Daniela Hoppaus

Die Träumer

Verschlungene Pfade. Schatten. Finsternis. Einsamkeit. Nichts und Niemand in Reichweite, was einen Anhaltspunkt geben konnte. Leere. Stille. Dann plötzlich ein flammender Blitz. Ein Schrei aus tausend Kehlen. Schmerz. Eisige Kälte.

Wieder einmal wachte ich Schweißgebadet auf. Diese Alpträume nahmen kein Ende. Sie waren jedesmal anders, aber immer bedrohlich. Ich fürchtete mich vor dem Einschlafen und blieb wach, solange es ging. Aber wenn mich der Schlaf übermannte, kamen sie. Unverzüglich.
In meiner Ratlosigkeit beschloß ich, meinen Lehrmeister aufzusuchen. Die Sonne lugte bereits hinter dem Horizont hervor, als ich meine Schlafmatte zusammenrollte, mein Bündel schnürte und den Platz unter den Bäumen verließ, den ich mir zur Ruhestätte erkoren hatte. Die Landschaft, durch die ich wanderte, war hügelig und nur wenig besiedelt.

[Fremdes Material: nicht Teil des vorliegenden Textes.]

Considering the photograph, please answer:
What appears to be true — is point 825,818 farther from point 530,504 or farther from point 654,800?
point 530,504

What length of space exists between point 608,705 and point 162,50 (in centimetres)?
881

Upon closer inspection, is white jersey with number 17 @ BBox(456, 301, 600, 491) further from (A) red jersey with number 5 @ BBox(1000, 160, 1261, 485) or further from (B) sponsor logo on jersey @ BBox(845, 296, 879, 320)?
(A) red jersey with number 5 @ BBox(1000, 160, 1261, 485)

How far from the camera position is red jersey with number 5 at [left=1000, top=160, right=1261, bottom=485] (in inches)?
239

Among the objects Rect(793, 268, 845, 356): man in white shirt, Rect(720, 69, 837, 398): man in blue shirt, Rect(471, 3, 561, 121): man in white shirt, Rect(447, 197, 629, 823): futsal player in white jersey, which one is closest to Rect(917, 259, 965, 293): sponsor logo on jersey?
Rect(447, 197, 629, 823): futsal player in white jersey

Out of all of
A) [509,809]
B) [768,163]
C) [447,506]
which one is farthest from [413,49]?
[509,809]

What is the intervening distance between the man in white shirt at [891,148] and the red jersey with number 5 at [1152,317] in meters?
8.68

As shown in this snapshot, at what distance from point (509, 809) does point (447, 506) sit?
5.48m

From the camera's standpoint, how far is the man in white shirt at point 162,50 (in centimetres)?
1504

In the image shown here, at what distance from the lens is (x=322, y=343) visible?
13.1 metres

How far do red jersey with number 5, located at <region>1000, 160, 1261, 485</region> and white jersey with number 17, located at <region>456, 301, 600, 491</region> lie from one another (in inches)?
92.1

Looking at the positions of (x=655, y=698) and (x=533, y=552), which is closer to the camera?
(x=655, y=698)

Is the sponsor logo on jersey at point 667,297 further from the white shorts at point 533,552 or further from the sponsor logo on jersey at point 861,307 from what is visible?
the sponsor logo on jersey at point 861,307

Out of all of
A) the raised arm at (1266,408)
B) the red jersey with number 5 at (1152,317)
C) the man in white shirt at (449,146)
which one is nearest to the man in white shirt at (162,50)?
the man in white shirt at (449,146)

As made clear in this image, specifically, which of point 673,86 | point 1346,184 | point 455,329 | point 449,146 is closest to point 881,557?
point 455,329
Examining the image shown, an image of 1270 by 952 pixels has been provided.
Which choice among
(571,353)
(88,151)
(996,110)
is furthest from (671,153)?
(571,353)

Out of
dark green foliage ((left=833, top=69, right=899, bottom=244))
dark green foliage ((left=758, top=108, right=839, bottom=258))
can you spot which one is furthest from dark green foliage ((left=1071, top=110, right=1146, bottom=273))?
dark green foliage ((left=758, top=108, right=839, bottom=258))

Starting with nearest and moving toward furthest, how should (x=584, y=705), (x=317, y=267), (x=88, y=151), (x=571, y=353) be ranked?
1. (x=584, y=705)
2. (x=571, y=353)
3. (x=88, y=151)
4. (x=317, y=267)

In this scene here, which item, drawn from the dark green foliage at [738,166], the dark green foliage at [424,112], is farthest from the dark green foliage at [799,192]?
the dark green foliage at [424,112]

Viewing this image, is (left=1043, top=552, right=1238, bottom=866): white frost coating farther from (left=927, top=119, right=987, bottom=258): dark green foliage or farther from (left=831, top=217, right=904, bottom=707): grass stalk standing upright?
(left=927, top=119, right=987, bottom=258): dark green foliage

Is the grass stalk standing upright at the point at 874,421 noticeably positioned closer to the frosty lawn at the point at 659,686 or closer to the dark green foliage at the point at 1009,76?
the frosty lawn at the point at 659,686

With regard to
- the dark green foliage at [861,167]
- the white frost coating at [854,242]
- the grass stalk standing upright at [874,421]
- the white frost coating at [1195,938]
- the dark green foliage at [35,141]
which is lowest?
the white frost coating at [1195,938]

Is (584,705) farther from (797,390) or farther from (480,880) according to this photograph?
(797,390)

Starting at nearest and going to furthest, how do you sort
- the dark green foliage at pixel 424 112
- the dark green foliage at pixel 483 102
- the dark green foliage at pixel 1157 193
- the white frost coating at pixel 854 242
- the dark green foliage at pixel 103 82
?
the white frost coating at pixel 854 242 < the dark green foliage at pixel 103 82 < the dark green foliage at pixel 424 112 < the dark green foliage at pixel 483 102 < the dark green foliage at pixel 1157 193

Eigentlich war ich schon seit 2 Tagen unterwegs, ohne eine menschliche Behausung gesehen zu haben. Aber meine Vorräte waren noch lange nicht verbraucht und ich rechnete damit, in den nächsten Tagen auf eine Siedlung zu stoßen. Eine bestimmte Siedlung. Sie lag am Fuße der Shancza – Berge und bildete die letzte Bastion der Menschheit, eine Handelsniederlassung in dieser Welt, bevor man in eine ganz andere Welt eintauchte. In jener anderen Welt war ich aufgewachsen. Die Wesen dort lebten nicht wie Menschen, sie lebten in ihren Träumen oder träumten ihr Leben.

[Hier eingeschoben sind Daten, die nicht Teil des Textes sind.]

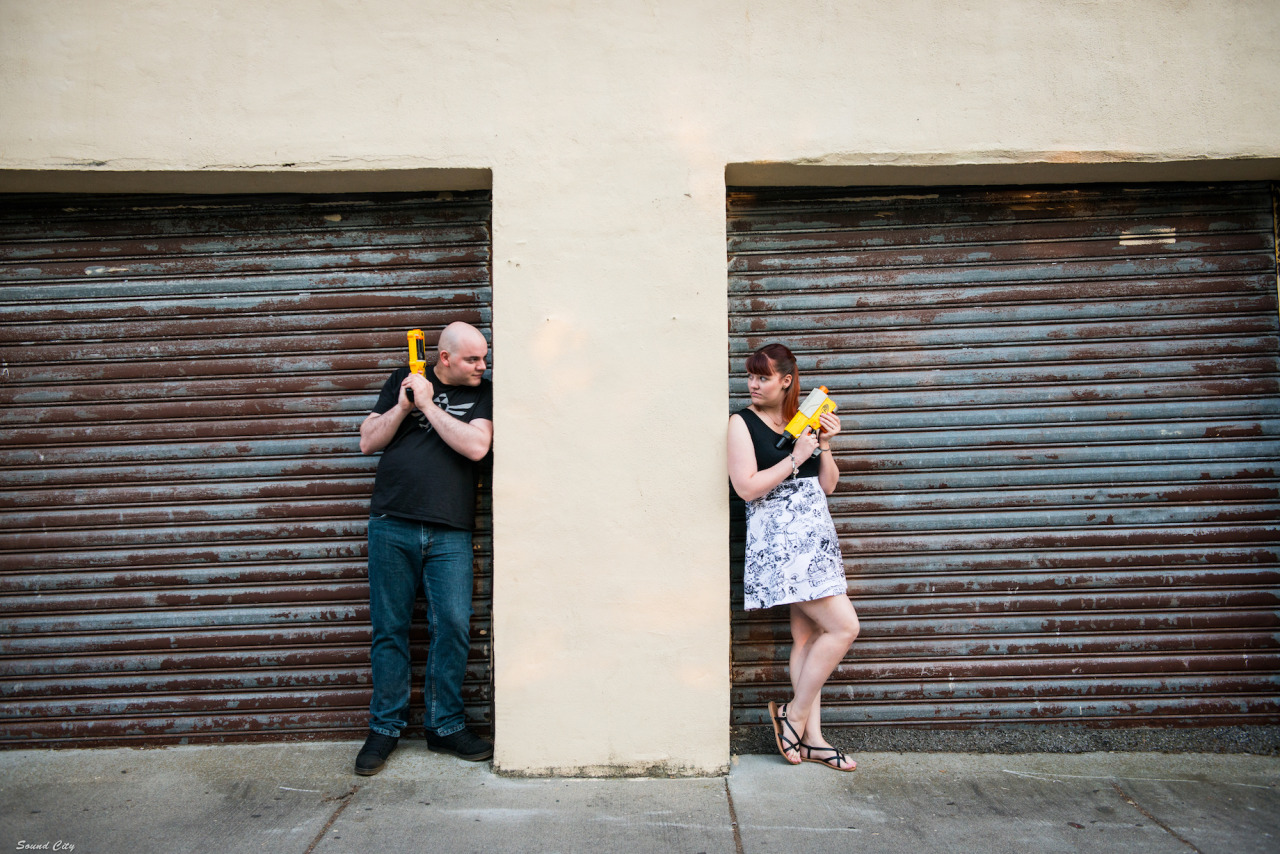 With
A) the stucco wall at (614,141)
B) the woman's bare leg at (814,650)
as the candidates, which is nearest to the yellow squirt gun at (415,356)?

Mein Meister lebte dort. Er hatte mich im Wald gefunden. Er hatte mich aufgenommen, als niemand anderer mich haben wollte. Obwohl ich nicht seiner Rasse angehörte, hatte er sich immer um mich gekümmert. Für mich war es ein seltsames Aufwachsen gewesen. Diese Wesen, die ihre Realität nach ihren Träumen formten, waren einfach so anders, so schwer zu verstehen. Ich war damals ein kleiner Junge von 5 Jahren. Für mich hatte sich damals eine zauberhafte Welt eröffnet.
Wer seine Träume steuern kann, beherrscht die Wirklichkeit, hatte mein Meister mir immer erklärt. Aber ich scheiterte bei dem Versuch. Obwohl ich mich immer bemüht hatte und mir beim Einschlafen fest vorgenommen hatte, diesmal den Traumablauf zu steuern, so hatte ich doch, kaum daß ich eingeschlafen war, keine Kontrolle mehr über mein Unterbewußtsein. Sicher, ich hatte eine gewisse Technik erlernt. Ich war in der Lage, bestimmte Dinge herbei zu träumen. Sie hielten sich aber nie lange in der Realität, waren verzerrt oder schlichtweg unbrauchbar.

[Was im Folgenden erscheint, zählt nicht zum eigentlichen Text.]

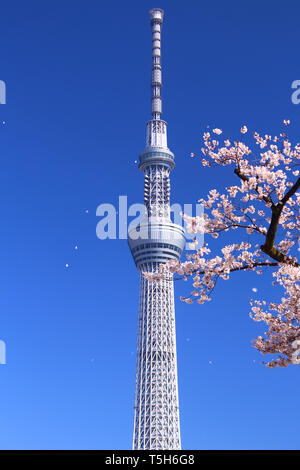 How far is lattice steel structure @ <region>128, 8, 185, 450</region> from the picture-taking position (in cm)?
8762

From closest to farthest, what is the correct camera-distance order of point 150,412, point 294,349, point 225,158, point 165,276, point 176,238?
point 294,349 < point 225,158 < point 165,276 < point 150,412 < point 176,238

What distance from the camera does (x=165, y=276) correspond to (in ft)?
45.5

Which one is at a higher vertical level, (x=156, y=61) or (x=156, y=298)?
(x=156, y=61)

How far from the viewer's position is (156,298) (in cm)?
9744

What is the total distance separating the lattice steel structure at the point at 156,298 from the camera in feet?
287

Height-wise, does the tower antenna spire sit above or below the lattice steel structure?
above

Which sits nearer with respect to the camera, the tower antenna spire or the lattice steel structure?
the lattice steel structure

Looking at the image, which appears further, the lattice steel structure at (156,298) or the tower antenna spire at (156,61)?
the tower antenna spire at (156,61)

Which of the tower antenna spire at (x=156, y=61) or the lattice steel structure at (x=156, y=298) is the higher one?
the tower antenna spire at (x=156, y=61)

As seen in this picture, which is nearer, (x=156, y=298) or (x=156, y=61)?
(x=156, y=298)

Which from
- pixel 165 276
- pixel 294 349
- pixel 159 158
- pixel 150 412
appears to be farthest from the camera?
pixel 159 158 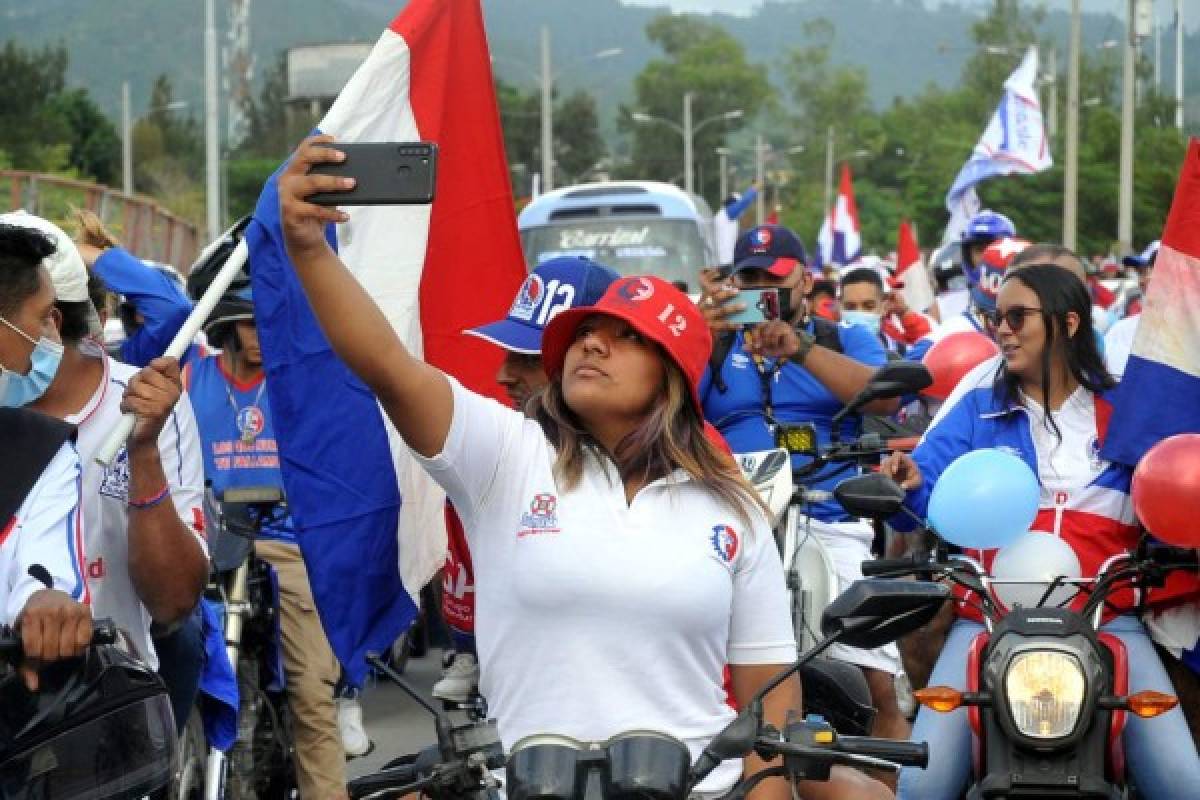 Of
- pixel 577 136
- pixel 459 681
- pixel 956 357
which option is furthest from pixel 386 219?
pixel 577 136

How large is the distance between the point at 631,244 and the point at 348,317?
16.7 metres

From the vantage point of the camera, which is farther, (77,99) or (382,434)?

Als ich nach 10 Jahren immer noch nicht geschafft hatte, meine Träume willentlich zu steuern und das Erträumte in die reale Welt zu integrieren, schickte mein Meister mich fort. Ich sollte lernen, wie ein Mensch zu leben. Eine Gefährtin finden. Familie haben. Irgendwie war die Welt der Menschen soviel greifbarer. Ich lernte von Ursache auf Wirkung zu schließen. Bei den Menschen war das einfach. Tue dies und du erhältst jenes. Unterlasse das und dies bleibt dir erspart. Wie anders als die Welt, in der ich zuvor gelebt hatte. Wie einfach. Trotzdem hatte mich die Traumwelt meines Meisters nicht verlassen. Zu Anfang hatte ich kein Problem mit meinen Träumen, sie waren und blieben Schatten in der Erinnerung. Manchmal gaben sie mir Zeichen oder Nachrichten aus der Welt meines Meisters. Manchmal waren sie ein Tor zurück nach Hause.
Aber in letzter Zeit waren sie beunruhigend. Oh, in der Zeit bei meinem Meister hatte ich gelernt, wie man seine Alpträume unter Kontrolle hält. Wie man sich selber aufweckt, wenn es gefährlich zu werden droht. Wie man einem Schrecken den Rücken kehrt und ihm so seine Macht nimmt. Aber diese Träume waren anders. So wirklich! Und alle Techniken, die mir mein Meister vermitteln konnte, schlugen fehl. Zum einen gab es keinen greifbaren Grund für diese Träume. Ich hielt mich nach wie vor an die Traumrituale, sie waren Teil meiner Selbst geworden. Ich hatte keinen Verstoß begangen. Ich hatte den Wächter der Traumwelt immer geehrt und respektiert. Und ich hatte niemanden Schaden zugefügt.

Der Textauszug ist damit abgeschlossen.